SOURCE MATERIAL

▼

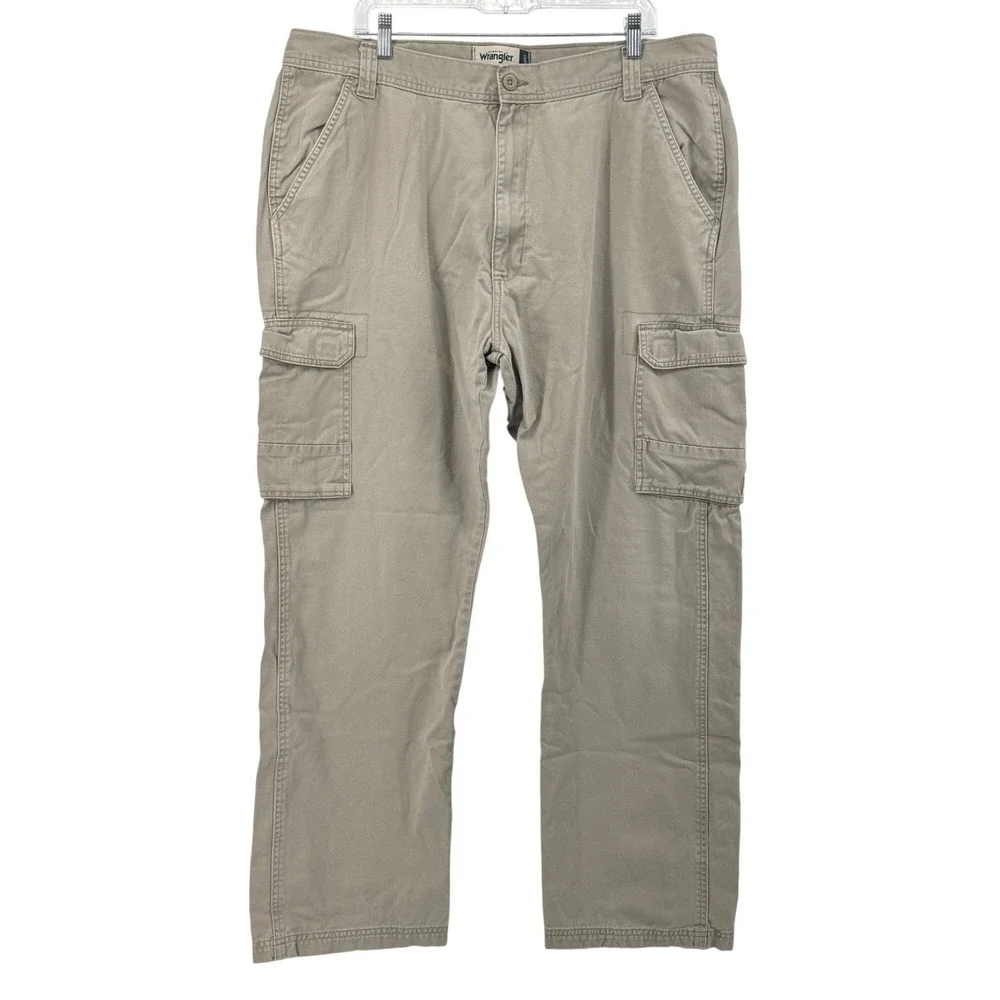 Wrangler Mens Khaki Tan Straight Leg Cargo Pant Cotton Workwear Utility Tactical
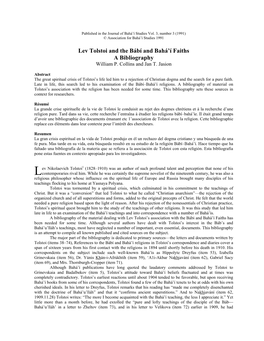 Lev Tolstoi and the Bábí and Bahá'í Faiths a Bibliography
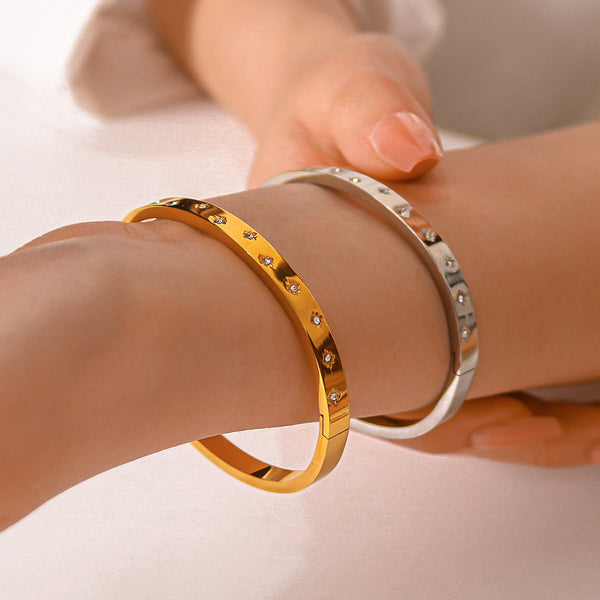 IG Style Irregular Stainless Steel Electroplating Bangles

▲

TASK PROMPT
Exact copy, pictures omitted: every line from the one holding "Lev Tolstoi and" through the last line of the data above, and nothing else.

RESULT OF THE TASK
 Lev Tolstoi and the Bábí and Bahá'í Faiths a Bibliography
 IG Style Irregular Stainless Steel Electroplating Bangles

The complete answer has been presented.